They had more "sand" than was
good for them. They were raised on "Cat Hill," and five were captured by
felines, and when the remnant was brought to me they disappeared day by
day in the most puzzling manner until we caught our mischievous pug,
"Tiny Tim," holding down a beautiful young Leghorn with his cruel paw
and biting a piece out of her neck.
So they left me, one by one, like the illusions of youth, until there
was no "survival of the fittest."
In a ragged old barn opposite, a hen had stolen her nest and brought
out seventeen vigorous chicks. I paid a large bill for the care of what
might have been a splendid collection, and meekly bought that faithful
old hen with her large family. It is now a wonder to me that any
chickens arrive at maturity. Fowls are afflicted with parasitic
wrigglers in their poor little throats. The disease is called "gapes,"

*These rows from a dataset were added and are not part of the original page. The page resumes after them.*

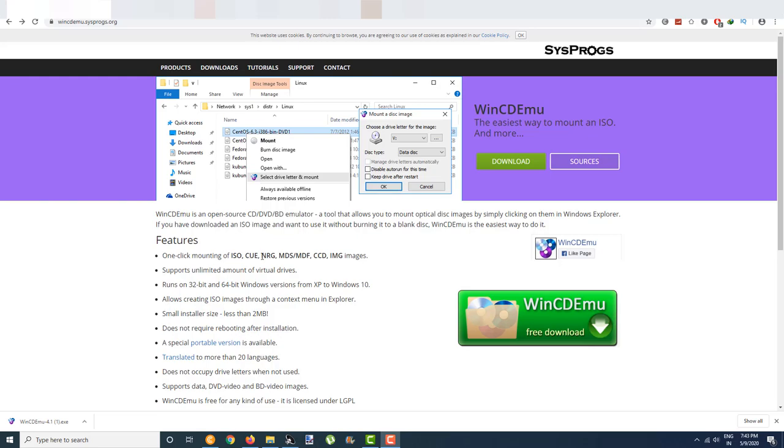Hello everybody, I'm Austin Endo here and in this video I'm going to show you how you can open or mount one of these files.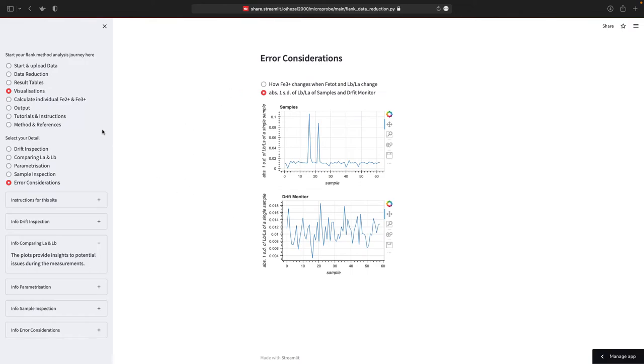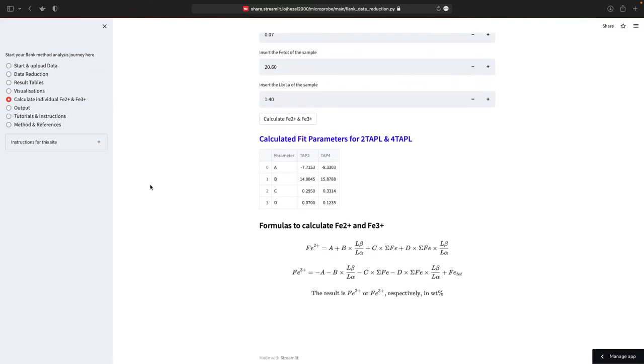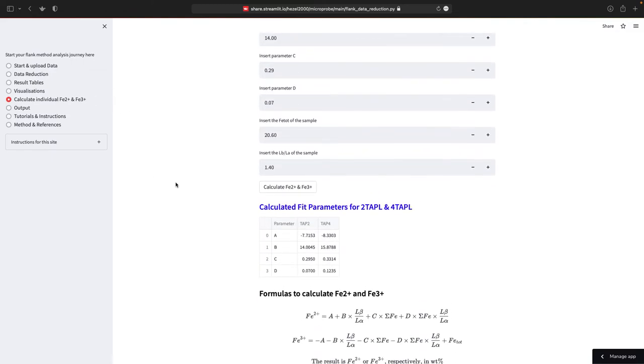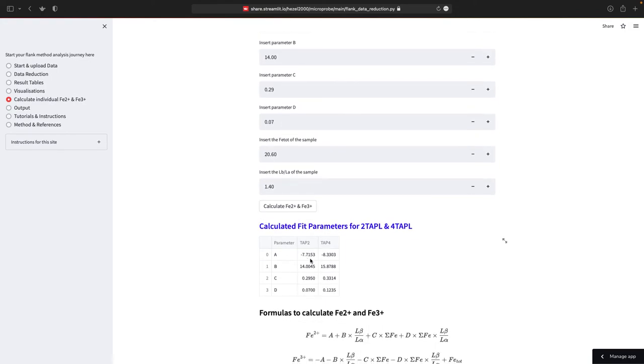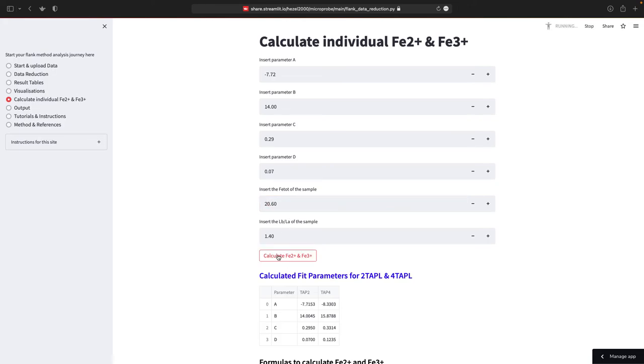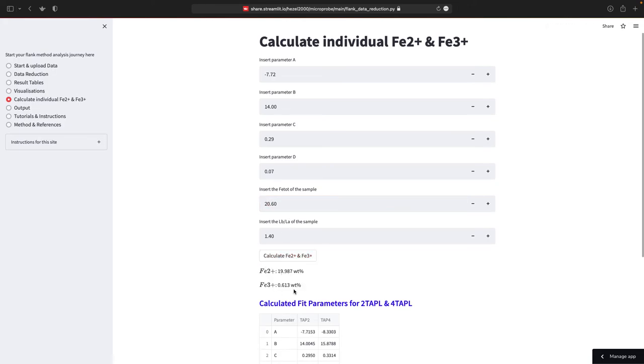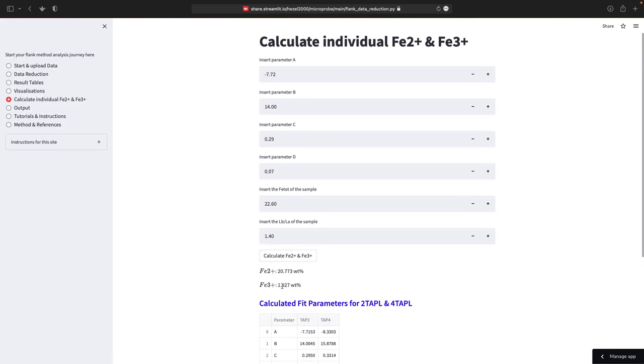So once this is all done, you can move on here on the left. If you want to have some idea about the influence of the fit parameters or the iron total or the L-beta to L-alpha, you can do this here. This automatically loads up your parameters that were calculated. And then you can change these, or you can just change the iron total maybe by one percent. So this is 1.613. Now I changed the iron total by 10 percent. This would be the 20. Calculate it again. And you see this changed by almost triples. But this is an error of 10 percent. So you can get some idea here.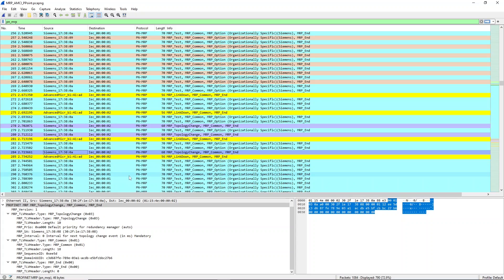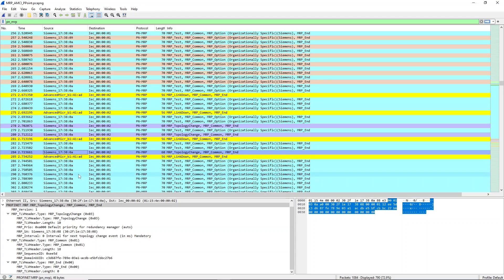Just one note: as you can see, even though the link is broken and the manager also figured out that the link is broken, we can still see those test frames coming out of ring port 2. This is a side effect of the fact that we are mirroring port 2 — that port 2 still keeps sending those test frames even though in reality they shouldn't be there, because the ring is already broken so there's nothing to test. So that's the reason we're still seeing that. This is just a quick capture of those frames so you can see the mechanism of how a broken link is detected and how it's reconfigured.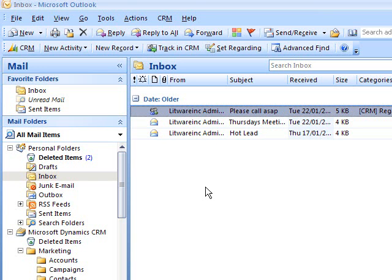This is the Caltech IT Microsoft Dynamics CRM 4.0 Outlook demonstration. Now Microsoft CRM can be used in two capacities, one through the web on a secure HTTP site.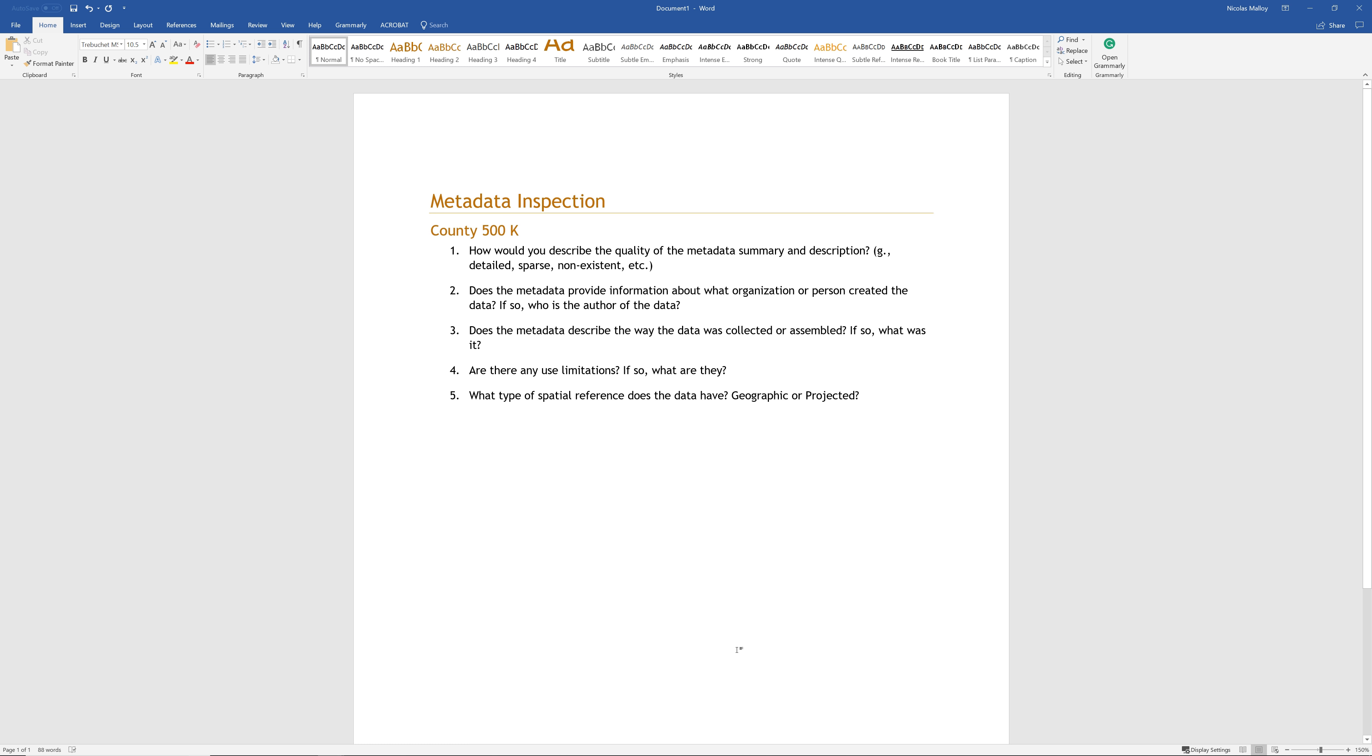Does the metadata provide information about what organization or person created the data? If so, who is the author of the data? Does the metadata describe the way the data was collected or assembled? If so, what is it? Are there any use limitations? If so, what are they? What type of spatial reference does the data have? Geographic or projected?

because they try to open their bills for more air until a red worm in
the trachea causes suffocation. This horrid red worm, called
scientifically
Scelorostoma syngamus, destroys annually
half a
million of chickens.
Dr. Crisp, of England, says it would be of truly national importance to
find the means of preventing its invasion.
The unpleasant results of hens and garden contiguous, Warner has
described. They are incompatible if not antagonistic. One man wisely
advises: "Fence the garden in and let the chickens run, as the man
divided the house with his quarrelsome wife, by taking the inside
himself and giving her the outside, that she might have room according
to her strength.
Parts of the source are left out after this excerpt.